(Dataset items)
-=-=-=-=-
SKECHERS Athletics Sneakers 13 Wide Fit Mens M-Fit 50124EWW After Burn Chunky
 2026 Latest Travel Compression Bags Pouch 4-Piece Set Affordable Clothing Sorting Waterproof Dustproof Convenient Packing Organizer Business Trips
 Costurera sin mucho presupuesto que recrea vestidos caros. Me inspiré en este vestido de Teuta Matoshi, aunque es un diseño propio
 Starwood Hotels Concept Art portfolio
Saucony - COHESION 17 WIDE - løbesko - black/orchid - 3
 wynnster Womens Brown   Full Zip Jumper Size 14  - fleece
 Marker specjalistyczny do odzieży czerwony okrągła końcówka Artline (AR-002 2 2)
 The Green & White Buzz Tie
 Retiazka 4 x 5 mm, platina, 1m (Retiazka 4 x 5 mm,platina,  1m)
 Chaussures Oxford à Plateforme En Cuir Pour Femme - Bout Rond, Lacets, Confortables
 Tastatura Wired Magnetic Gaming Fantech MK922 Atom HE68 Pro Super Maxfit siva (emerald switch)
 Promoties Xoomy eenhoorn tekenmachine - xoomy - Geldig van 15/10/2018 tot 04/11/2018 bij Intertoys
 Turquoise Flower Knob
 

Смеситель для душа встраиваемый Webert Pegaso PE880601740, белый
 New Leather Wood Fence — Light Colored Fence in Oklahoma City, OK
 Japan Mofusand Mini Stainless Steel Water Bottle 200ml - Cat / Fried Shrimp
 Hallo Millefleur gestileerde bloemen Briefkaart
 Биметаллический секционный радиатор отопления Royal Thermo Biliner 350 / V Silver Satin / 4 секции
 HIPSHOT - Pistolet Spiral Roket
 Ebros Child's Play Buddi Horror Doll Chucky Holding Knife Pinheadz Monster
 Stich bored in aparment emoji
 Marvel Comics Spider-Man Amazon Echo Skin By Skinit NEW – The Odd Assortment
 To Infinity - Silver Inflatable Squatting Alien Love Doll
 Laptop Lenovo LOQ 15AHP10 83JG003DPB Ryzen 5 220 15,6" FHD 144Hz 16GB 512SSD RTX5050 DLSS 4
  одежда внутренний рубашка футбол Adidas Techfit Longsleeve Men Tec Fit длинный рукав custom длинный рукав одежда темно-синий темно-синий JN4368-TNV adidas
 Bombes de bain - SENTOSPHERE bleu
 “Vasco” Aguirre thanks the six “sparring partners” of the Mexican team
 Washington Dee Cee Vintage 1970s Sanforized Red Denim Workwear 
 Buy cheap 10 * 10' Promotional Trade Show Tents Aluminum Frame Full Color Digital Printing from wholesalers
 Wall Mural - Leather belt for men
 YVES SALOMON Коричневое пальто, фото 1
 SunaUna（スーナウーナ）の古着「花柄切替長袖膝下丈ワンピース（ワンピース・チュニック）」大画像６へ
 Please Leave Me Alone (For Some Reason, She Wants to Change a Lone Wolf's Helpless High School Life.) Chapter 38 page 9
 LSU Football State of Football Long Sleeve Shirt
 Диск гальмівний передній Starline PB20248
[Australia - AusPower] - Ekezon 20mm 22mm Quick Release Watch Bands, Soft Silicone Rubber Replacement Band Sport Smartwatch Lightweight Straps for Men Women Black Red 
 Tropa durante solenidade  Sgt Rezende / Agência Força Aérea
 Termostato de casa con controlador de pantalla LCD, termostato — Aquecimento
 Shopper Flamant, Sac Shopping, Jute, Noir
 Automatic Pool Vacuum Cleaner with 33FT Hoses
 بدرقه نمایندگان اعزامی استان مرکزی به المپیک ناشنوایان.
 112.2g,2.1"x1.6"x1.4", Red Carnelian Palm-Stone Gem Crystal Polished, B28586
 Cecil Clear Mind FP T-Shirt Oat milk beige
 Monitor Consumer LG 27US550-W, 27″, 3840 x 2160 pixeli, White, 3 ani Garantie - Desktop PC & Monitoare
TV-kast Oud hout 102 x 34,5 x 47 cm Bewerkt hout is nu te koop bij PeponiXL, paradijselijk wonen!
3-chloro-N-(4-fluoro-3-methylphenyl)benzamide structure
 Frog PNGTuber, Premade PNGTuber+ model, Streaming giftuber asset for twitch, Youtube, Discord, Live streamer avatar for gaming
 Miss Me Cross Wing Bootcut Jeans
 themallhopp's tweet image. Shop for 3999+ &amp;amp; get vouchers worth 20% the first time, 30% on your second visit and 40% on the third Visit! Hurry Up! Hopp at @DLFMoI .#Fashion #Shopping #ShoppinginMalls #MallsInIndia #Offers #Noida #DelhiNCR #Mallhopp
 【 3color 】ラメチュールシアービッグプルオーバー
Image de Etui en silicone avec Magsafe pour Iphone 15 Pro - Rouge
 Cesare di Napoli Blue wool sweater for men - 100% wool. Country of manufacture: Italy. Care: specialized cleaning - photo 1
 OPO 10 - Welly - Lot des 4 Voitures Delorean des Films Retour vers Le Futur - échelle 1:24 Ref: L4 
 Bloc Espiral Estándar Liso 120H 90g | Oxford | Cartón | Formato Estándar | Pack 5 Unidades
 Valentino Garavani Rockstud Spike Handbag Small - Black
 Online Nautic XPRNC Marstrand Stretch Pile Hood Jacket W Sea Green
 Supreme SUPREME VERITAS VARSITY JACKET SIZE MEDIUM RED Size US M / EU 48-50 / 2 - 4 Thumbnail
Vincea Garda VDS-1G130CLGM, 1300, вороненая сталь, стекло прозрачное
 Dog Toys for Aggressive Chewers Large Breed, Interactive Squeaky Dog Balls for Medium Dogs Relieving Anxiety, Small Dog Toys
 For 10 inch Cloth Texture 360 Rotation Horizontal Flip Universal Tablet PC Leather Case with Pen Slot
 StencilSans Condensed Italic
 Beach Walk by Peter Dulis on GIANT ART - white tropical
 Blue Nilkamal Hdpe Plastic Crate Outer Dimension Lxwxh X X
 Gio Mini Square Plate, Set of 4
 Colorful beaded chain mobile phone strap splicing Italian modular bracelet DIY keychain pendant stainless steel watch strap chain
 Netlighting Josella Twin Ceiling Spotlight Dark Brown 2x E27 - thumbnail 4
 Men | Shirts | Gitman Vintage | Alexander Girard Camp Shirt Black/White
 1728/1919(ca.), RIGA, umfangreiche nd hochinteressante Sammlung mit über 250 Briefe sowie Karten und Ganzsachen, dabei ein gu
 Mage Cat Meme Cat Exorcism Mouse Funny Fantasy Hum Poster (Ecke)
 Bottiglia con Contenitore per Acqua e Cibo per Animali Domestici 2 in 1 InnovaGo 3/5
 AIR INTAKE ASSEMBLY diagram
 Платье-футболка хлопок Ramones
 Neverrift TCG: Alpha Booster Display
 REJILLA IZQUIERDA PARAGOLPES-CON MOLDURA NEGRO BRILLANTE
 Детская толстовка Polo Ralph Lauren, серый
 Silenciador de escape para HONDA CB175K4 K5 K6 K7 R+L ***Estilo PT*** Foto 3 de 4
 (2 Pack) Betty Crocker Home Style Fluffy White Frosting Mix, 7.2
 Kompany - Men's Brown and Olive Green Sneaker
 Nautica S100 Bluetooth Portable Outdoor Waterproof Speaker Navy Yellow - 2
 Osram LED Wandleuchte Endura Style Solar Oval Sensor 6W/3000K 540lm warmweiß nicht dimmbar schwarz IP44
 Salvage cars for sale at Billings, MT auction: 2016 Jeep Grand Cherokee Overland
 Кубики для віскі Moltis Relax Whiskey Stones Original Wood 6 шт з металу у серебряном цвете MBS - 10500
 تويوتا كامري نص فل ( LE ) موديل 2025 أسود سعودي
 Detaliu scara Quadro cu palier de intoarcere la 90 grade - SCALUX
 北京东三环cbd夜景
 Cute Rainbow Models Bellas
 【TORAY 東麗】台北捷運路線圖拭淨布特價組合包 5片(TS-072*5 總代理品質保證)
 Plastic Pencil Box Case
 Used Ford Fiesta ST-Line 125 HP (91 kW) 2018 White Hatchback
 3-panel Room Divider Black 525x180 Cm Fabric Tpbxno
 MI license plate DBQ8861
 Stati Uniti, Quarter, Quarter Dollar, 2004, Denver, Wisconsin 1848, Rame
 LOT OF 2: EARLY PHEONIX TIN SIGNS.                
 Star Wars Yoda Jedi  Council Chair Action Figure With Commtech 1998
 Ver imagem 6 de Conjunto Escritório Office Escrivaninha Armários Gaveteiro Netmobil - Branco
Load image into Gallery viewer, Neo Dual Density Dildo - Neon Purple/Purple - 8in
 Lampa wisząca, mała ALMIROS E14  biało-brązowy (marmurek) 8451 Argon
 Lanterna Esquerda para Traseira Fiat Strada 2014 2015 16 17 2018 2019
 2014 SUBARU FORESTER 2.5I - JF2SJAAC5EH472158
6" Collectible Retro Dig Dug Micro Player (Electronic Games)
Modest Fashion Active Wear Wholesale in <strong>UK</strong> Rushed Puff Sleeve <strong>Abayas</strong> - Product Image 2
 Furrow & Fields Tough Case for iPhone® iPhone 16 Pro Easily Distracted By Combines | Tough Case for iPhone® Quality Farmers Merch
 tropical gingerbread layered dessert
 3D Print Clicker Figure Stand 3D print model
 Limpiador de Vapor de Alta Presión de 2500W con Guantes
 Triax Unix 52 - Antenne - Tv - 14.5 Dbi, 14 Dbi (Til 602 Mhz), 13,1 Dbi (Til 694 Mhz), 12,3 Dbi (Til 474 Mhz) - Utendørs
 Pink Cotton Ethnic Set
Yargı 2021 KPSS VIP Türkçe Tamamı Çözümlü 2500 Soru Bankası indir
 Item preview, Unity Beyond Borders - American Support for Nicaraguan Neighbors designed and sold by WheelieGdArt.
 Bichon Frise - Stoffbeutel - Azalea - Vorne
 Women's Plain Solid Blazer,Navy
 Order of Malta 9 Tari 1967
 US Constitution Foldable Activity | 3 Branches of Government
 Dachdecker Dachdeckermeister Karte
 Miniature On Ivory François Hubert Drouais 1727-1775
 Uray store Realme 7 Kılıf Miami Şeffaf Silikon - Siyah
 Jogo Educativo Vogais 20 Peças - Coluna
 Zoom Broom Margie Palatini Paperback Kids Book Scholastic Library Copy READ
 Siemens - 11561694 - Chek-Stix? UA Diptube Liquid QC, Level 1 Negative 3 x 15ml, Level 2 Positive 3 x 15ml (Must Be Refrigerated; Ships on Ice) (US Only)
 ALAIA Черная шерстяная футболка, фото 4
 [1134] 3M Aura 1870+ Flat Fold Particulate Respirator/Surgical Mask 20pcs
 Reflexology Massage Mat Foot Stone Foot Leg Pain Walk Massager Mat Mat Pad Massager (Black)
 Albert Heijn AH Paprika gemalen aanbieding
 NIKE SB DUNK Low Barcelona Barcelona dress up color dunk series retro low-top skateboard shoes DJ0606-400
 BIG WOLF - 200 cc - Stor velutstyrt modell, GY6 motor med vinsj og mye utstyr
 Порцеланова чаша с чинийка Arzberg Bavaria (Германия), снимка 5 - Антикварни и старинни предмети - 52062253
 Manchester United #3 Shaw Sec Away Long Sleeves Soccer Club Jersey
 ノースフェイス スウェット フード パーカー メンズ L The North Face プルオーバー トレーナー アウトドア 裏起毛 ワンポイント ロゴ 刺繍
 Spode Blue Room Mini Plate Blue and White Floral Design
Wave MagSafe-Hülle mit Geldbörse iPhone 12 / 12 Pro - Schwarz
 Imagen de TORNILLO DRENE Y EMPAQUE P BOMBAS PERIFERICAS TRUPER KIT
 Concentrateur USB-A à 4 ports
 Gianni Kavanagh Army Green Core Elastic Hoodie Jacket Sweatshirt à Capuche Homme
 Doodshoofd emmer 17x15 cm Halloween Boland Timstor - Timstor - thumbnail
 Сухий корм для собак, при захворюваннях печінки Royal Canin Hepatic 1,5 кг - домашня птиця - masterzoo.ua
-=-=-=-=-
## WORK ORDER
Write out the records above exactly, from the opening line to the line with "Laptop Lenovo LOQ", including both, with nothing added.

## TASK OUTPUT
SKECHERS Athletics Sneakers 13 Wide Fit Mens M-Fit 50124EWW After Burn Chunky
 2026 Latest Travel Compression Bags Pouch 4-Piece Set Affordable Clothing Sorting Waterproof Dustproof Convenient Packing Organizer Business Trips
 Costurera sin mucho presupuesto que recrea vestidos caros. Me inspiré en este vestido de Teuta Matoshi, aunque es un diseño propio
 Starwood Hotels Concept Art portfolio
Saucony - COHESION 17 WIDE - løbesko - black/orchid - 3
 wynnster Womens Brown   Full Zip Jumper Size 14  - fleece
 Marker specjalistyczny do odzieży czerwony okrągła końcówka Artline (AR-002 2 2)
 The Green & White Buzz Tie
 Retiazka 4 x 5 mm, platina, 1m (Retiazka 4 x 5 mm,platina,  1m)
 Chaussures Oxford à Plateforme En Cuir Pour Femme - Bout Rond, Lacets, Confortables
 Tastatura Wired Magnetic Gaming Fantech MK922 Atom HE68 Pro Super Maxfit siva (emerald switch)
 Promoties Xoomy eenhoorn tekenmachine - xoomy - Geldig van 15/10/2018 tot 04/11/2018 bij Intertoys
 Turquoise Flower Knob
 

Смеситель для душа встраиваемый Webert Pegaso PE880601740, белый
 New Leather Wood Fence — Light Colored Fence in Oklahoma City, OK
 Japan Mofusand Mini Stainless Steel Water Bottle 200ml - Cat / Fried Shrimp
 Hallo Millefleur gestileerde bloemen Briefkaart
 Биметаллический секционный радиатор отопления Royal Thermo Biliner 350 / V Silver Satin / 4 секции
 HIPSHOT - Pistolet Spiral Roket
 Ebros Child's Play Buddi Horror Doll Chucky Holding Knife Pinheadz Monster
 Stich bored in aparment emoji
 Marvel Comics Spider-Man Amazon Echo Skin By Skinit NEW – The Odd Assortment
 To Infinity - Silver Inflatable Squatting Alien Love Doll
 Laptop Lenovo LOQ 15AHP10 83JG003DPB Ryzen 5 220 15,6" FHD 144Hz 16GB 512SSD RTX5050 DLSS 4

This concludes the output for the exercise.